‘France’, said Charles de Gaulle, ‘cannot be France without grandeur.’ The country’s recent history suggests the great man was nearer the mark when he moaned how impossible it was to manage a country ‘of 246 different kinds of cheese’. André Malraux famously observed: ‘When the French fight for mankind, they are wonderful, when they fight for themselves, they are nothing.’ November’s horrific Paris attacks by Islamic terrorists, rightly, generated much sympathy for the country. However, will France’s current President, François Hollande, be able to follow in the great traditions of France and show the world how to deal with one of the foulest scourges of our time?
Against this background, these two books could not be better timed. Jonathan Fenby knows the country well and argues that the French have become ‘prisoners of their past’. It can no longer prosper because the country that bequeathed the world exceptional ideas such as Liberté, Égalité, Fraternité has been outpaced by the rest of the world.
Fenby’s history starts with the restoration of the monarchy after Napoleon’s defeat at Waterloo in 1815 and ends with the murder of the editor and staff of the satirical magazine Charlie Hebdo in January 2015. Such a huge accumulation of facts can often be indigestible but Fenby, skilfully, avoids this trap with a narrative which has page-length biographies of major figures and important events, such as the Paris Commune of 1871, in a diary form plus a selection of choice sayings of the last 200 years. This includes the words used by the actress Arletty, who lived with a German officer in the Ritz during the occupation, to defend her collaboration: ‘Mon Coeur est à la France, mais mon cul est à moi.’
Wartime collaboration is an issue which the French are only now, 70 years later, beginning to examine, with the evidence indicating that de Gaulle, who led the resistance, was an artful spin-doctor when presenting all Frenchmen as having followed his lead. Many, including Jean-Paul Sartre, did nothing; Francois Mitterrand, France’s first socialist president, served the Vichy regime, and some even helped send Jews to their death.
Such contradictions should come as no surprise, for even as French thinkers at the close of the 19th century expounded ideas of universal idealism, France was hugely expanding its colonial empire on the grounds of ‘the right of superior races over inferior races’. These contradictions are also the theme of Hazareesingh’s book, but he deals with French ideas from Descartes – the first chapter is called ‘The Skull of Descartes’ – to Derrida. Rousseau also figures prominently and the book is a marvellous primer for students eager to learn about French thought over the last four centuries. It can, at times, be dense. One sentence runs to 24 lines combining discussion of the Académie Française with that of the rock star Johnny Halliday.

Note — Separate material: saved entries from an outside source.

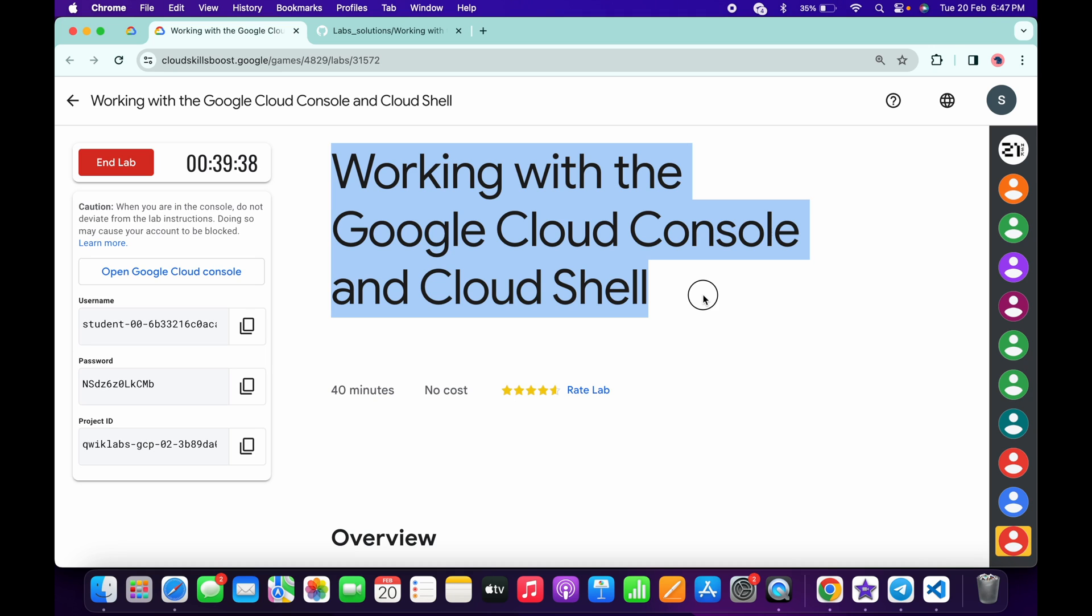Hello guys, welcome back to the channel. I got a request for this lab that I should make an explanation video, so here it is. In this video, I'm going to show you the simplest way to complete this lab.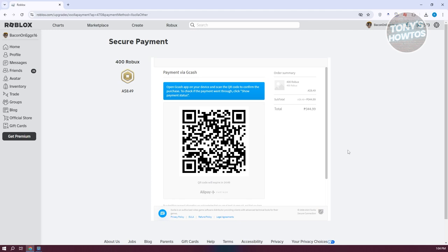It will notify you if you really want to proceed with the payment, just confirm that and you should be able to start paying for it. And that's about it.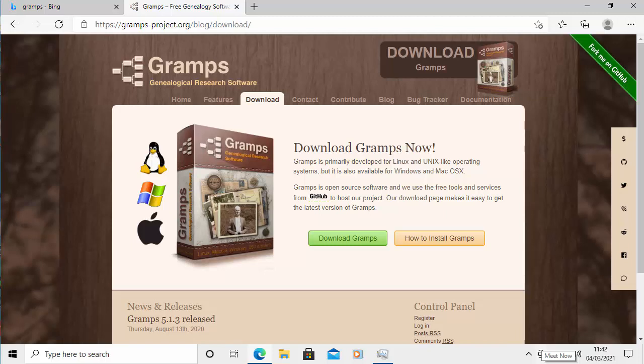This guide shows you how to download and install Gramps, which is genealogical research software. It's a great alternative to Family Tree Maker and is available on Linux, Windows and Mac. You can also import your Family Tree from Family Tree Maker.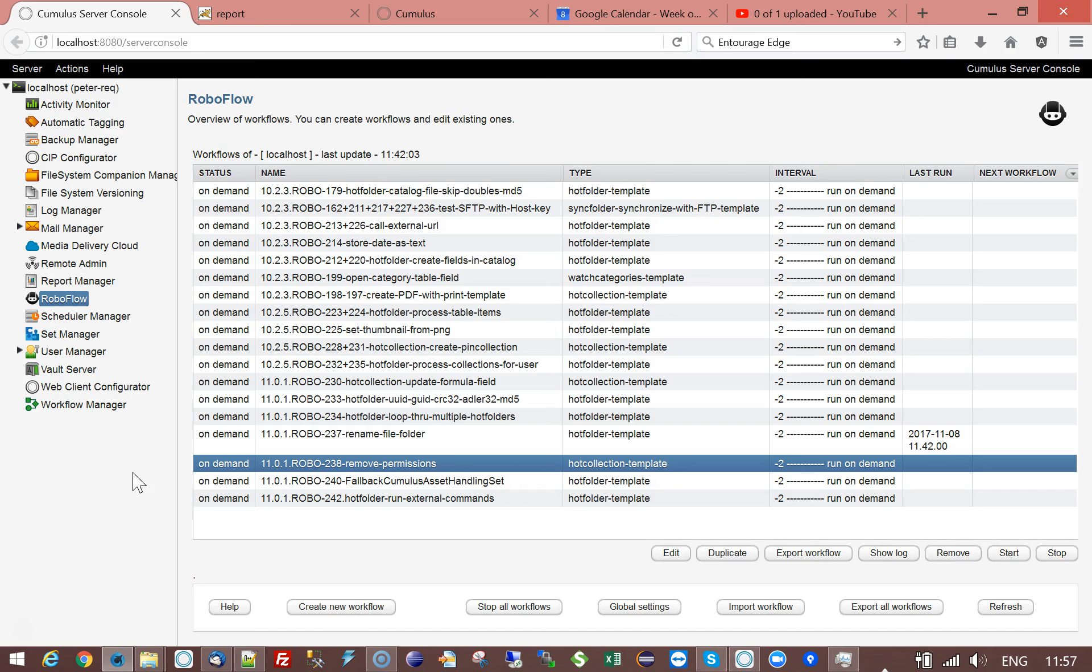In this training movie I will show you that with an action in Roboflow you can add but also remove permissions from a record or a category.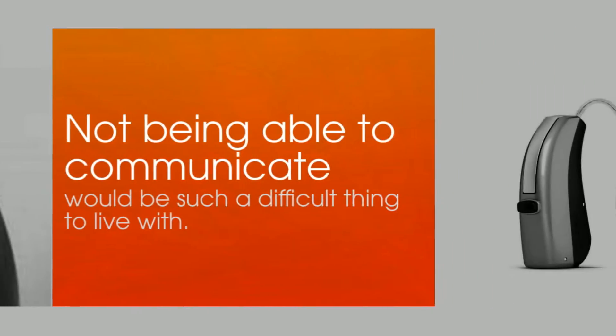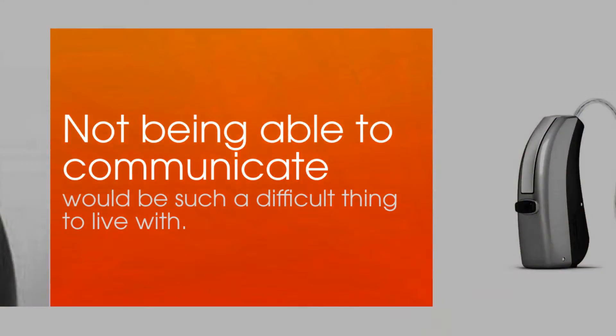I became interested in working with people with hearing impairment because I thought that not being able to communicate with others due to a hearing loss would be such a difficult thing to live with.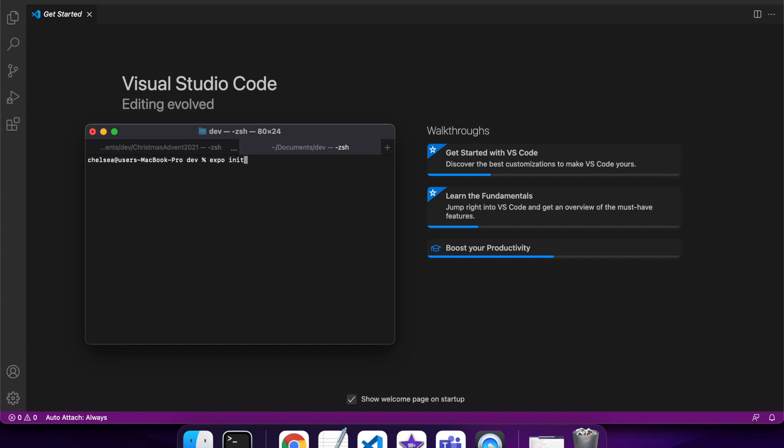Hi everyone, today I'm going to show you how to use the clipboard in Expo React Native apps to copy and paste text.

However, Hazareesingh does raise the question as to whether the 21st century has seen ‘the closing of the French mind’. His most potent illustration of this retreat from universalist concerns is that in 2014 the French book that grabbed world attention was Thomas Piketty’s study of global capitalism, a book on economics, rather than grand ideas. Like Fenby, Hazareesingh has an eye for detail. He reproduces the issue of the monthly satirical magazine, L’Hebdo Hara-Kiri, published just after de Gaulle’s death in his village of Colombey-les-Deux-Églises in November 1970. The headline on the front cover read: ‘Tragic Ball at Colombey: 1 Dead.’ This was considered so objectionable that the magazine was banned and turned itself into Charlie Hebdo, ‘another impertinent reference to de Gaulle’.

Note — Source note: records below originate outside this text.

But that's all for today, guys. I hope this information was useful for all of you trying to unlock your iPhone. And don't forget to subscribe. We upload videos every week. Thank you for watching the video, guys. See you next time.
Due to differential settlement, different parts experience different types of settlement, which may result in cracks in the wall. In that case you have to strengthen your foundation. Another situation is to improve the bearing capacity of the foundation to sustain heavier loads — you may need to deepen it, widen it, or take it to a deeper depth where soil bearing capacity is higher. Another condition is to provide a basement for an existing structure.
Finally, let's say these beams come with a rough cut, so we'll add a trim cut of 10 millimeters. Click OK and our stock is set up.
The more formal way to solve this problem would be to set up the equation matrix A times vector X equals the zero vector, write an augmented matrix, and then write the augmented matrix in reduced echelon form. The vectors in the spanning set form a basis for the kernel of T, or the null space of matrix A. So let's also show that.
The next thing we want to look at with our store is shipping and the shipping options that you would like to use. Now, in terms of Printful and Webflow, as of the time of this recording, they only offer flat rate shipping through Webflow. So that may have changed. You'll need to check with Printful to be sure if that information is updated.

In many ways de Gaulle emerges as the last great leader able to mask the country’s contradictions. But while Fenby ends on a note of deep pessimism about where France is headed, Hazareesingh, despite starting his conclusion by talking of France’s ‘loss of self-confidence’, concludes that ‘the French will remain the most intellectual of peoples’ and continue to produce ideas that enthrall the world.